**Dataset content**.
%%
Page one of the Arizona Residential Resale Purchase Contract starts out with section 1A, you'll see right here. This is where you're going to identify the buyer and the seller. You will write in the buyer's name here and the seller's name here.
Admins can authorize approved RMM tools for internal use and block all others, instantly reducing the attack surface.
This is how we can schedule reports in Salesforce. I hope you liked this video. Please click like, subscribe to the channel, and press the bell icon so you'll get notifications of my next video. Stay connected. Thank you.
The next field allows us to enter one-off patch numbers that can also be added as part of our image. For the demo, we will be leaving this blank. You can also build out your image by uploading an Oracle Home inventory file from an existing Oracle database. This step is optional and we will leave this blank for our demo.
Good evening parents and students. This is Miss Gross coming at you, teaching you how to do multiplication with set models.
%%
%%
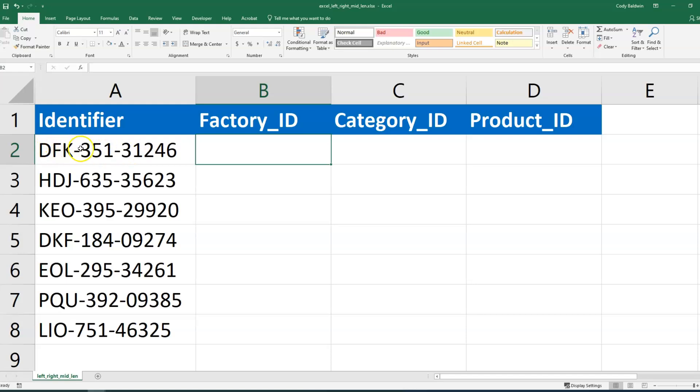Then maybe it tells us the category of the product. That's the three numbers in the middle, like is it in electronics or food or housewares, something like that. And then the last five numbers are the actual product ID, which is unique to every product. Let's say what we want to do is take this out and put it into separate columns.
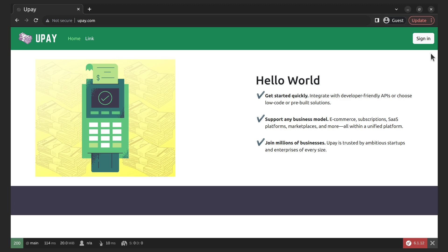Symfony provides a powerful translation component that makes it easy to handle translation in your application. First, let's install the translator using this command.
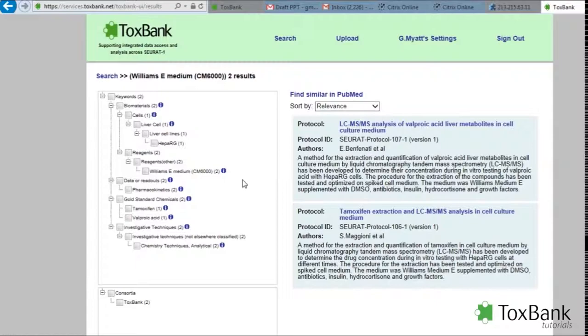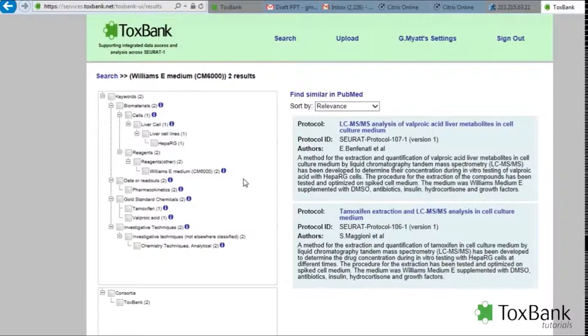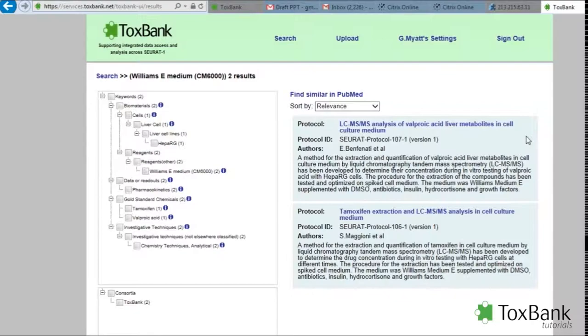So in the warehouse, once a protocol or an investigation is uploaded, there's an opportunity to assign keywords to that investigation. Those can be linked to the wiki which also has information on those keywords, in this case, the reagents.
%%
Go through the data above and return each line containing the string "with".

Page one of the Arizona Residential Resale Purchase Contract starts out with section 1A, you'll see right here. This is where you're going to identify the buyer and the seller. You will write in the buyer's name here and the seller's name here.
Good evening parents and students. This is Miss Gross coming at you, teaching you how to do multiplication with set models.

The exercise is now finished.